Marine Debris continues to accumulate into the 21st Century

Dead sea bird – stomach full of plastic

Current measures to prevent and reduce marine debris are inadequate, and the problem will likely worsen, says a new congressionally mandated report from the National Research Council.

The United States and the international maritime community should adopt a goal of “zero discharge” of waste into the marine environment, and a system to assess the effectiveness of existing and future marine debris prevention and reduction actions should be implemented. In addition, better leadership, coordination, and integration of mandates and resources are needed, as responsibilities for preventing and mitigating marine debris are scattered across federal organizations and management regimes.

“The committee found that despite all the regulations and limitations over the last 20 years, there are still large quantities of waste and litter in the oceans,” said Keith Criddle, chair of the committee that wrote the report… “We concluded that the United States must take the lead and coordinate with other coastal countries, as well as with local and state governments, to better manage marine debris and try to achieve zero discharge.”

All nicely said, expressing appropriate sentiments. Why should we expect the fumble-fingered bureaucrats in charge to have improved during the Bush years? If anything incompetence became a new national sport.

A new administration will probably have to go back to the beginning just to re-establish a civil service that lives up to the definition. And Marine “Law” is hardly worthy of the term.

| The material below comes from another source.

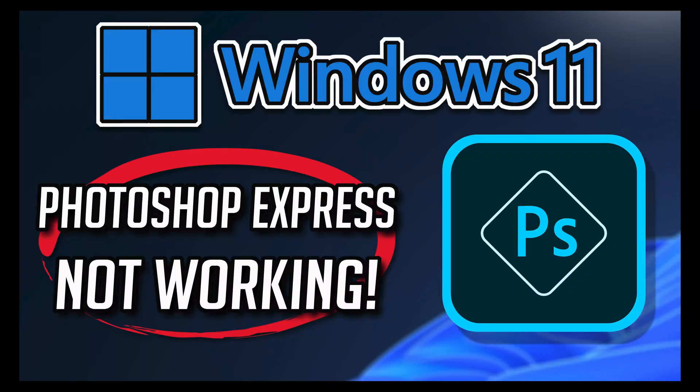If your Windows 11 Adobe Photoshop Express app crashes, won't update, shows an error, or simply won't open, this could be happening because your app might be damaged or corrupt. Follow the steps in this video to learn how to fix your Adobe Photoshop Express app in a quick and easy way.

One thought on “Marine Debris continues to accumulate into the 21st Century

  1. Mahalo says:

    Close to 100,000 pounds of ghost nets and plastics were found on reefs and beaches on Northwestern Hawaiian Islands.
    A team of 16 free divers with the nonprofit Papahānaumokuākea Marine Debris Project collected and removed 97,295 pounds of debris during a 27-day expedition.
    “An estimated 115,000 lbs of marine debris accumulates on the reefs of Papahānaumokuākea each year, and if PMDP isnʻt cleaning it up, no one is,” PMDP Executive Director James Morioka said in a statement.
    “PMDP’s next clean-up mission is in September, with the goal of removing another 100,000 lbs. Itʻs our goal at PMDP to continue regular clean-up efforts into the future to maintain coral reef health and protect countless animals from entanglement and potential injury or death.”